Le disposizioni generali del d. lgs. 150/2011, al Capo I, contengono la disciplina comune ad ognuna delle categorie e, precisamente, con riguardo alle controversie disciplinate dal rito del lavoro, l’art. 2 prevede che non si applichino, salvo che siano espressamente richiamati, gli artt. 413, 415 settimo comma, 417, 417-bis, 420-bis, 421 terzo comma e sesto comma, 433, 438 secondo comma e 439 c.p.c.
Salvo che sia diversamente disposto, i poteri istruttori previsti dall’art. 421 secondo comma, c.p.c., non vengono esercitati al di fuori dei limiti previsti dal Codice civile.
La tematica della trattazione di tali materie con il rito lavoro, seppur sia trascorso già un decennio dal decreto legislativo del 2011, ha sempre destato interesse sia in dottrina che in giurisprudenza.
Infatti, anche in tempi recenti, è stato sottoposto all’attenzione della Suprema Corte [3] un caso inerente l’applicazione del rito lavoro alle opposizioni a sanzioni amministrative; il caso presentava alcune peculiarità, e, sebbene la Corte si fosse pronunciata con un’ordinanza piuttosto stringata, è verosimile, leggendo le motivazioni, che la Prefettura abbia introdotto il giudizio di appello con atto di citazione in luogo al ricorso, e che lo stesso difettasse di una completa vocatio in ius[4].
È pacifico in giurisprudenza che è nullo l’atto di citazione ove sia completamente omessa la data di udienza. [5]
Tuttavia, nella causa oggetto della ordinanza n. 533/2018, si costituiva comunque in giudizio la parte appellata e si svolgeva il giudizio presso il Tribunale in grado di appello; il ricorrente, in cassazione, deduceva quindi la intera nullità dell’atto di citazione per violazione del contraddittorio e la conseguente nullità della sentenza di secondo grado, con conseguente passaggio in giudicato della sentenza del Giudice di Pace.

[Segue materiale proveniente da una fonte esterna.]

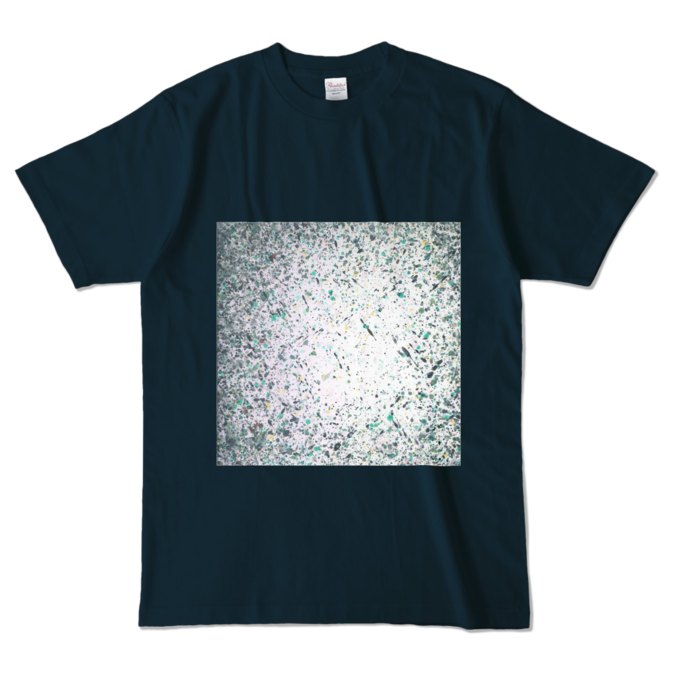 カラーTシャツ - L - ネイビー (濃色)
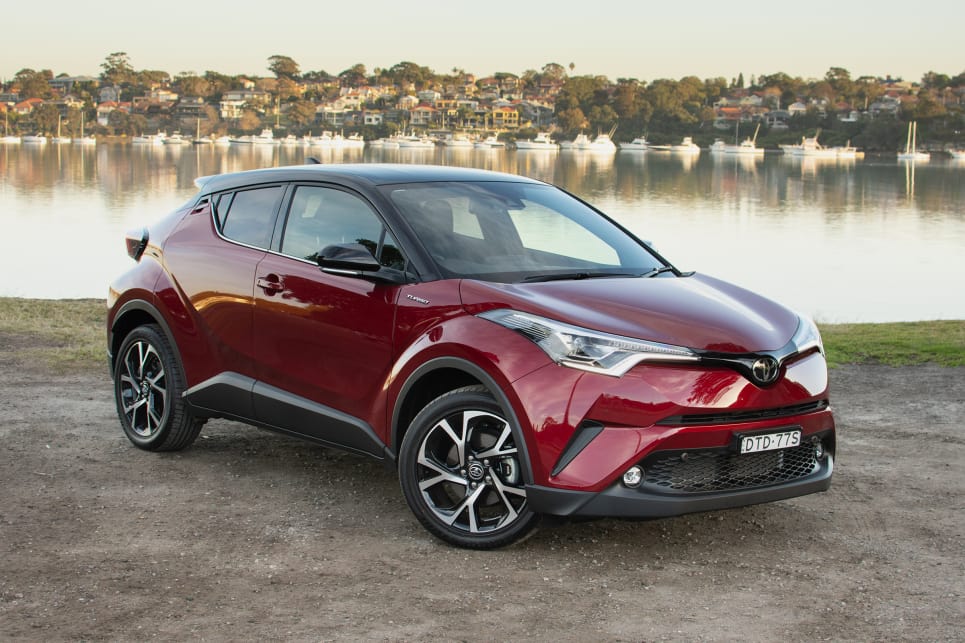 Discover 95 About Toyota Chr Red Unmissable Indaotaonec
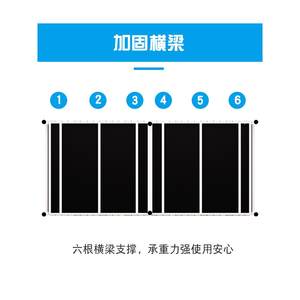 曙亮折叠床单人午休办公室午睡简易便携家用陪护成人木板铁床收纳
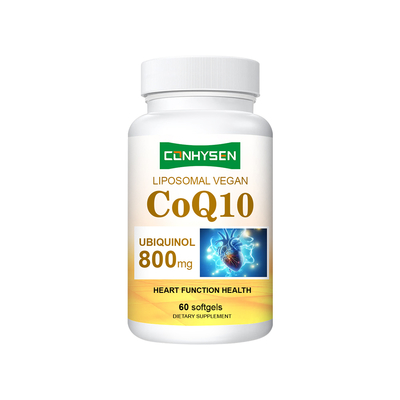 Liposomal CoQ10 Softgels ซัพพลายเออร์ Custom สุขภาพดี
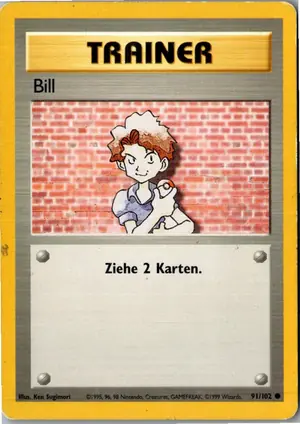 Bill Exemplar 1,95 €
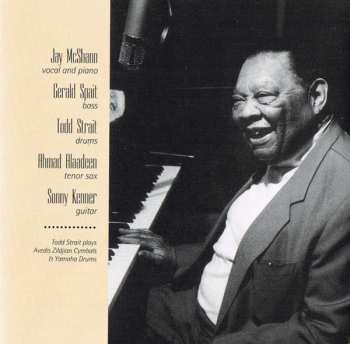 CD Jay McShann: What A Wonderful World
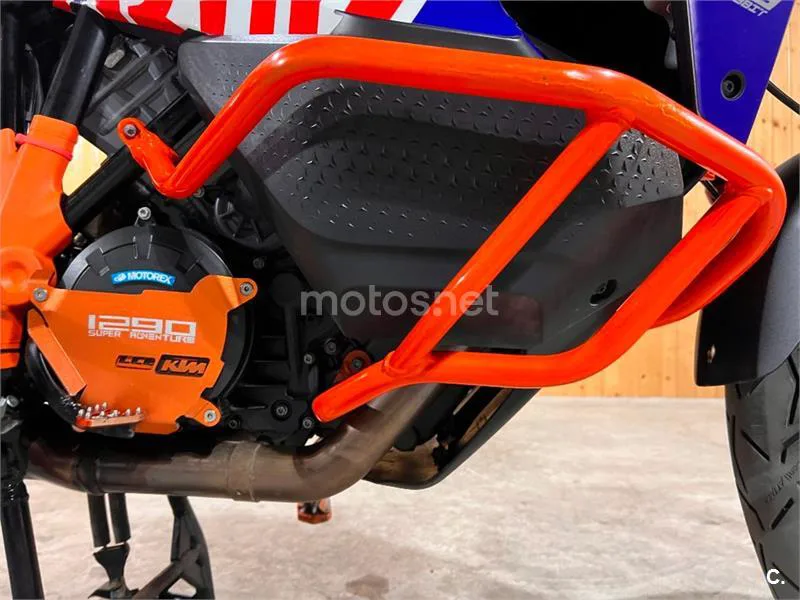 KTM 1290 Super Adventure – Vista 58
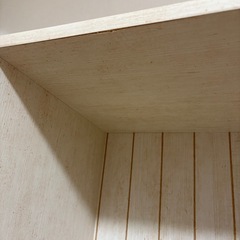 【即日対応】ニトリ リズバレー レンジ台 炊飯器 食器棚 キッチン収納 白の画像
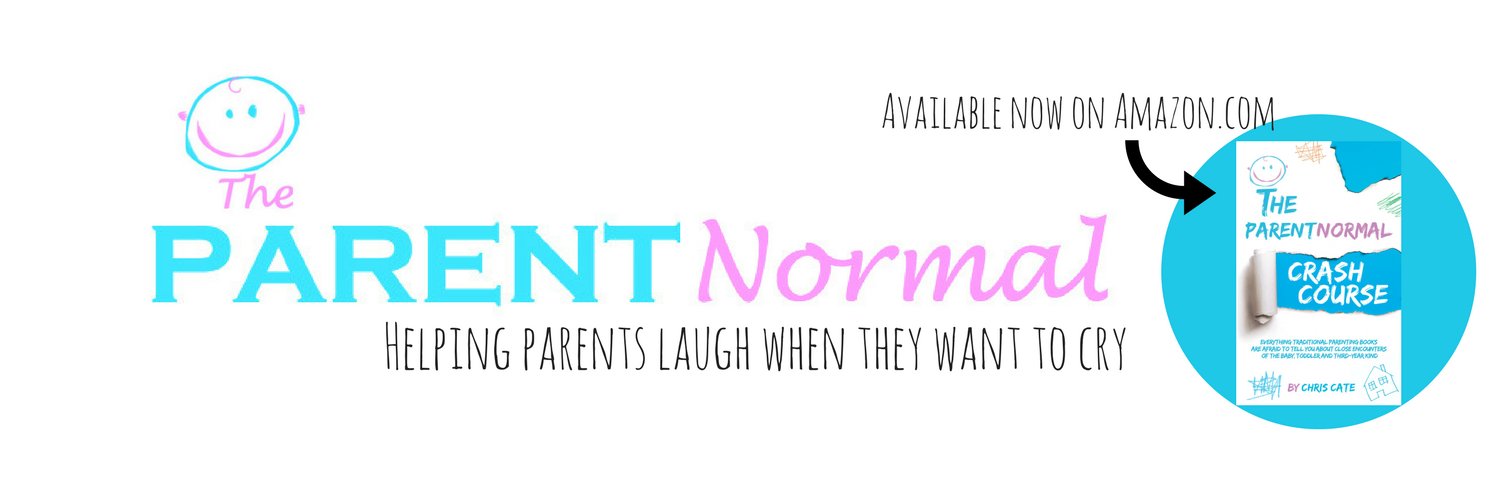 The ParentNormal banner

La Cassazione, con ordinanza n. 533/2018, respingeva le doglianze avanzate da parte ricorrente, richiamandosi al D.lgs. 150/2011, recante “Disposizioni complementari al Codice di procedura civile in materia di riduzione e semplificazione dei procedimenti civili di cognizione, ai sensi dell’art. 54 della legge 18 giugno 2009, n.69”, osservando come l’art. 7 del d. lgs. 150/2011 avesse esteso il rito lavoro a tutte le controversie precedentemente disciplinate dall’art. 204 bis c.d.s.
Per tali ragioni, l’appello avrebbe dovuto essere proposto nella forma del ricorso, con le modalità e i termini previsti dall’art. 434 c.p.c. e con termine a comparire di soli 25 giorni ex art. 435, terzo comma c.p.c.[6]
La Corte di Cassazione, in detta pronuncia, rilevava infatti che il decreto legislativo entrava in vigore l’11 settembre 2011, venendo applicato a tutte le controversie insorte dopo tale momento, e quindi anche al caso di specie, dovendosi ritenere l’appello tempestivo[7].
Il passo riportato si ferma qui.